August 5, 2015

Wider Margins

A footnote in yesterday’s post mentioned that one of the many reasons behind the razor-thin margins in the tradgames space is the stagnating price.

RPG books are ridiculously fucking cheap compared to books of similar production values in other areas. The price of the book has not risen in any significant proportion to the increase in costs. Instead, the increase in production price has eaten in to the margins, the amount of money that the publisher gets and uses to pay for writers and artists and game designers.

This has two drivers:

  1. A lot of people who start gaming are in university or younger, and don’t have a significant amount of disposable income.
  2. Old gamers have ossified to the point that they refuse to believe that production costs have increased by anywhere near as much as they have, and believe that a 300-page full-colour glossy hardback rulebook should cost as much as the 200-page black and white softcover that they remember from when they got started.

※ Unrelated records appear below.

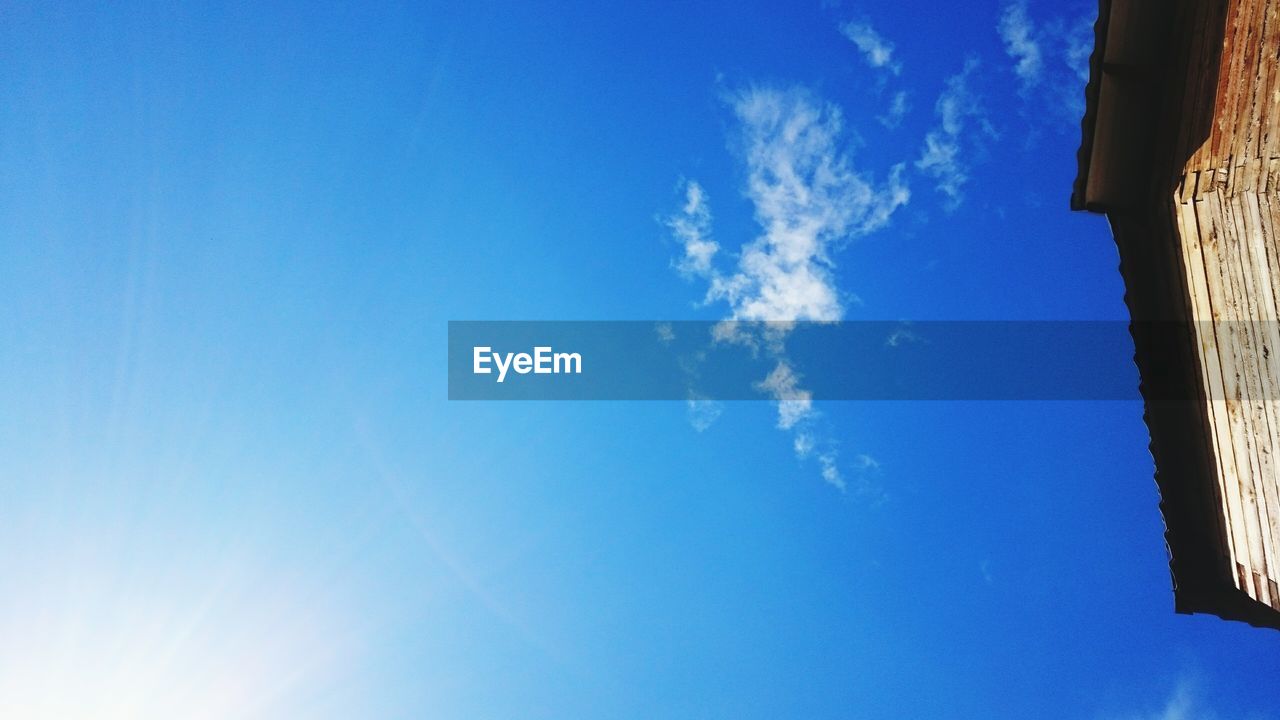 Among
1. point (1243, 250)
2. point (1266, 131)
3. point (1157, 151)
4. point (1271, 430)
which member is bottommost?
point (1271, 430)

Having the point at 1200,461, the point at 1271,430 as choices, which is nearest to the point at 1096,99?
the point at 1271,430

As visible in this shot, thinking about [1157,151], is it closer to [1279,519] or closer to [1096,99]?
[1096,99]

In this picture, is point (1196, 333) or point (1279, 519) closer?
point (1279, 519)

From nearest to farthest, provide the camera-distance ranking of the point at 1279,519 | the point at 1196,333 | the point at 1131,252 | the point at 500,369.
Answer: the point at 1279,519 → the point at 1196,333 → the point at 1131,252 → the point at 500,369

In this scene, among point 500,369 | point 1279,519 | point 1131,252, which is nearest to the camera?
point 1279,519

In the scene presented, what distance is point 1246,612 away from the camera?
21.0 ft

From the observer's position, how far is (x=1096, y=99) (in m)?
5.92

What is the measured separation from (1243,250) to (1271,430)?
5.71ft

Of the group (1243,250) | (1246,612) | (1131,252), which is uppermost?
(1131,252)

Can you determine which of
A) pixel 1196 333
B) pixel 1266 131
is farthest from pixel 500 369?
pixel 1266 131

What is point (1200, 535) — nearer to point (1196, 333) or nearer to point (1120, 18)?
point (1196, 333)

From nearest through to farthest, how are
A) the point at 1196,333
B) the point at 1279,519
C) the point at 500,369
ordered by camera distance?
the point at 1279,519, the point at 1196,333, the point at 500,369

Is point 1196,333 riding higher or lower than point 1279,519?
higher

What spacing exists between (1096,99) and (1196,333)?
8.73 feet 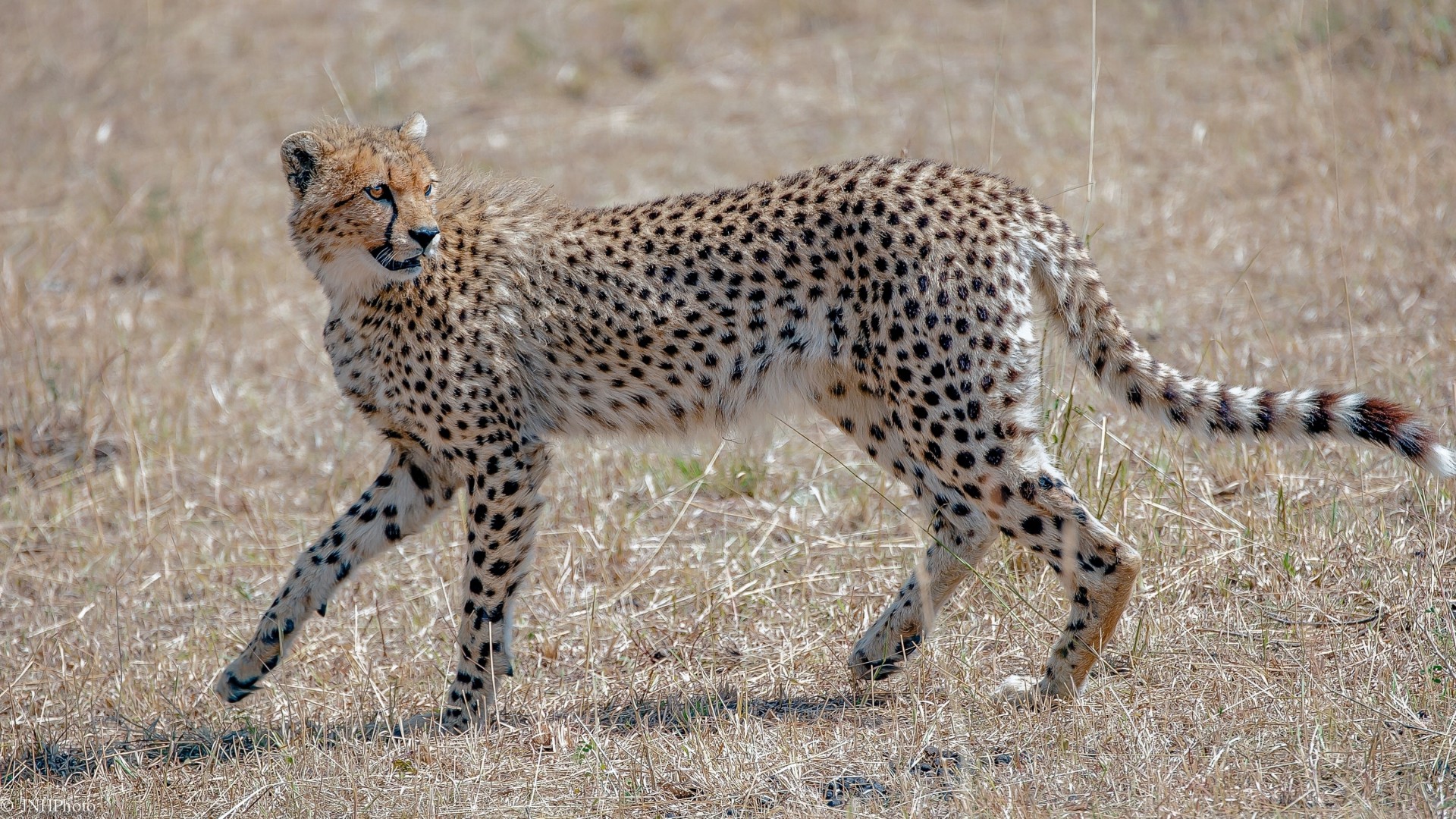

The target market of trad RPGs thus can’t (point 1) or can but won’t (point 2) pay a reasonable price for the books that they’re getting.

In order to pay people fairly for their labour, publishers need more available cash. One of the ways to do this is to increase prices of the premium end. Full-colour glossy hardbacks should be priced as what they are. Not even commesurate with said books of equivalent publication values in other areas, just enough to reflect the actual cost of making such a book and paying a publisher enough that they can continue putting the books out without ridiculous financial pressure.

Another way is to present rulebooks as they used to be — black and white softcovers, shorter and with less art. These days the market will happily bear them at 6x9 rather than full” size. Those can be priced at the entry level, giving people enough to play the game without being overwhelming.